3. Applications in single-cell (multi-)omics An appealing feature of split-pool barcoding is that it is highly customizable. In addition to scRNA-seq using this approach, first described in 2017 (28), split-pool barcoding has been successfully adapted to study single-cell genome sequencing (37), ATAC-seq (31), DNA methylation (38) and Hi-C (39) with improved throughput and sensitivity. One group recently optimized the barcoding strategy and chemistry of ATAC-seq in order to profile the chromatin accessibility networks of nearly one million human fetal cells (40). Another study developed a split-pool barcoding protocol for studying dynamics of single-cell transcription by labelling newly synthesized mRNA (41), and successfully characterized the dynamics of cell cycle regulation and receptor activation after cortisol stimulation. Fewer single cell multiomics approaches based on split-pool barcoding have been developed. The first assay for joint profiling of chromatin accessibility and transcriptome was described in 2018 (32), in which both reverse transcription (RNA-seq indexing) and transposase-induced transposition (ATAC-seq indexing) are performed on cell-containing wells, which enables parallel preparation of both libraries in subsequent steps.

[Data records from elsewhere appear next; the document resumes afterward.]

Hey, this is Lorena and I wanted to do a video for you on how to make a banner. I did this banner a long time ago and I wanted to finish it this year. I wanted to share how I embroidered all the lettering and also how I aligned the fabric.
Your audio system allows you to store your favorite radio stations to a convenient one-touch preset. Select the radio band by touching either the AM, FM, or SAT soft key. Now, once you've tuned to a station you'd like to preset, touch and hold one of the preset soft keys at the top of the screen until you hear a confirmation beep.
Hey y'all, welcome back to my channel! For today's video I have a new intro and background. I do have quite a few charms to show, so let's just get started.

This study successfully identified the relationship between epigenetic landscapes and underlying gene expression programs including in adult mouse kidney. More recently improved protocols for measuring both single cell RNA and chromatin accessibility have been developed with gene detection sensitivity comparable to droplet microfluidics methods and with improved throughput (8,30). We note that many single-cell omics technologies built on droplet microfluidics may also be expanded to split-pool barcoding approaches. For example, joint profiling of single-cell and lineage history may also be adapted to split-pool barcoding profiling, using the same genetically engineered models mentioned above. Although the current number of studies leveraging split-pool barcoding is relatively limited, we envision future growth in these areas to leverage the high throughput, low cost and flexibility of this platform.

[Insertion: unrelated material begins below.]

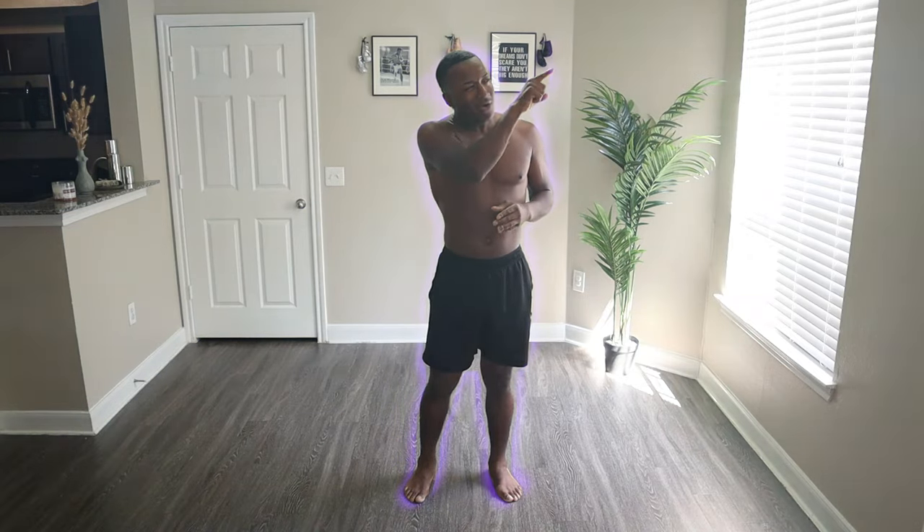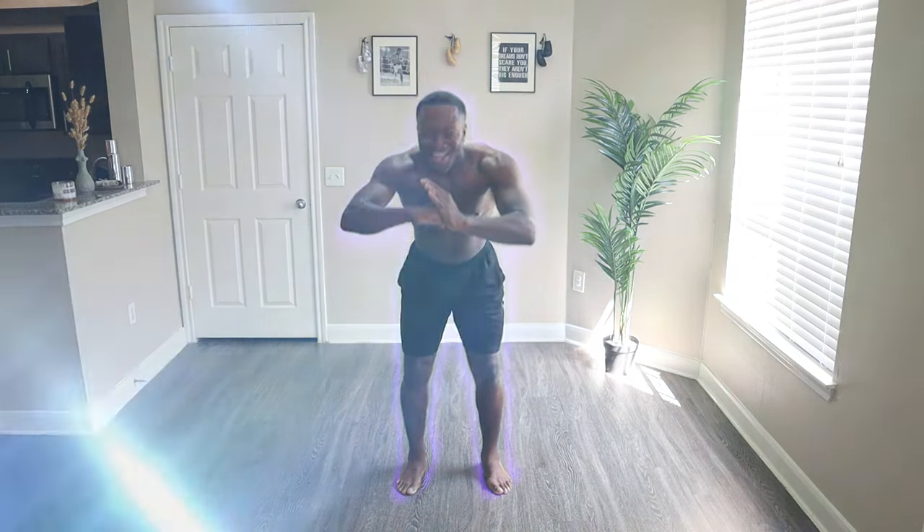Thank you for joining me on the journey to the ultraviolet. If you wanna see more videos like this one, check out this video right here. But if you liked the video, please subscribe. Other than that, peace and love everyone.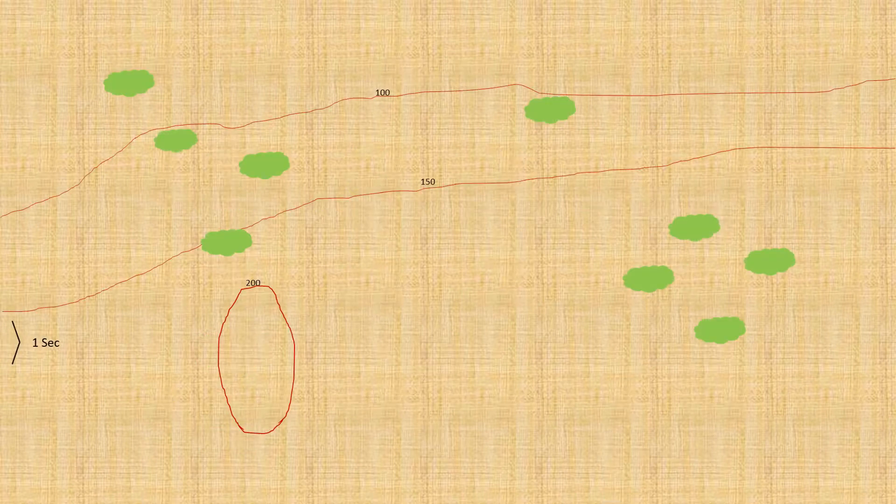Here we have the field. A few notes before we talk about the platoon that's just moved on from the bottom left. We've got a number of contours — a slope rising from the top of the screen up to around the 150-foot mark at the bottom. There's a small copse of trees off to the right and some patchy scrub woodland off to the top of the screen. That slope potentially shields a view from below. In the bottom left there's a little hillock at 200 feet, overlooking most of the position.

Other single-cell methods Beyond the two methods mentioned above that are currently widely used, several other techniques exist to manipulate single cells (42,43). Methods developed at the early stage of single-cell era, such as limiting dilution and micromanipulation, are usually low-throughput and require laborious pipetting and will not be reviewed in this article. Instead, we review a few single-cell manipulation methods that are still actively used, including circuit microfluidics, microwell(nanowell)-based assays, flow cytometry and mass cytometry (Figure 3). We highlight the importance of these methods since they are mostly compatible with full-length transcript identification protocols such as SMART-seq (44), and therefore, more illustrative of studying gene alternative splicing events such as exon skipping and intron retention, which are usually underrepresented in droplet microfluidics methods due to their 3’ end bias (45). In the end, we briefly review the newly emerged spatial transcriptomics technologies which can promote our understanding of cell identity in the tissue context.

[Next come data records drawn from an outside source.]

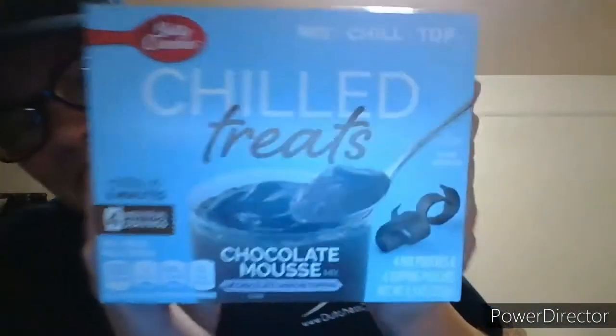Picked some of these up — they're by Betty Crocker, Mixed Chill Top chilled treats, it's a chocolate mousse mix with chocolate ganache topping. I'm telling you, I just can't win. Four mixing pouches and four topping pouches. You only live once, right? 290 calories. Got two of those.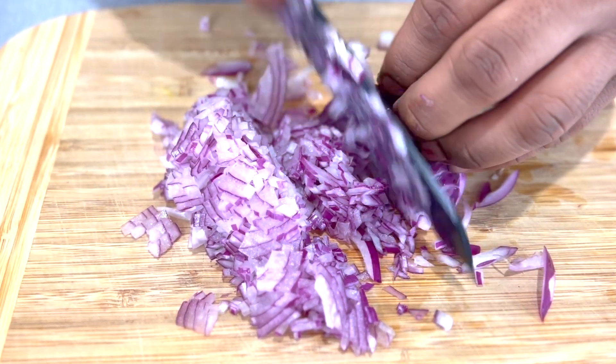I'll cut the rest of the tomatoes the same way. Again, as I said, we're going to blend it later on. Onions and tomatoes are done. Now we're just going to chop some fresh coriander leaves and that's it — then the cutting part is done.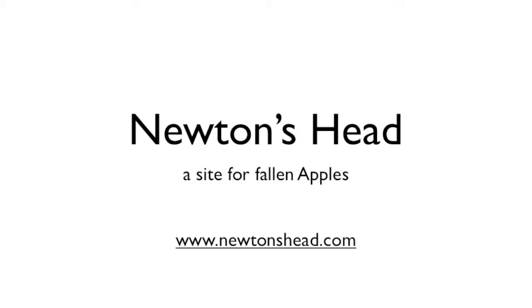Today's video was brought to you by Newton's Head. They'll buy your device for a very nice price.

1. Circuit microfluidics Besides droplet-based microfluidics approaches, there exist other types of microfluidics devices for single-cell manipulation. A comprehensive review of microfluidics technologies can be found elsewhere (4,46). One actively used approach is circuit microfluidics, which enables automatic isolation and capture of hundreds of single cells from a cell suspension. This microfluidics system harnesses a microvalve to achieve accurate single-cell control and the microchannel structure is distinct from droplet microfluidics (47). A commercialized circuit microfluidics platform (48) uses an integrated microfluidic chip to capture cells with a specific size range, in which the quality of loaded cells can be evaluated under a microscope. In addition to scRNA-seq and scATAC-seq, this platform can be used to study single-cell multiomics including co-assay for scRNA-seq and scATAC-seq (49) and joint profiling of single-cell transcriptome and targeted proteome (50).

2. Microwell(nanowell)-based assays In microwell(nanowell)-based assays, the cell suspension is dispensed into a microarray containing many microwells (nanowells) which are sized to capture single cells. For single-cell indexing, beads bearing well-specific barcodes can be added to each well. Recent work has improved the throughput of these assays and reduced experimental costs by either improving the microarray fabrication technique (51) or developing automated platforms (52). Using this method, two studies generated a single cell Mouse Cell Atlas and a Human Cell Landscape, respectively by scRNA-seq (53,54). An assay for scATAC-seq (55) was also described and showed robust characterization of distinct types of hematopoietic cells. Compared to other high-throughput technologies, microwell(nanowell)-based assays also have advantages in reduced cell doublet rates and improved viability of captured cells, because it enables examining the morphology of deposited cells in each well under a microscope and removal of potential doublets.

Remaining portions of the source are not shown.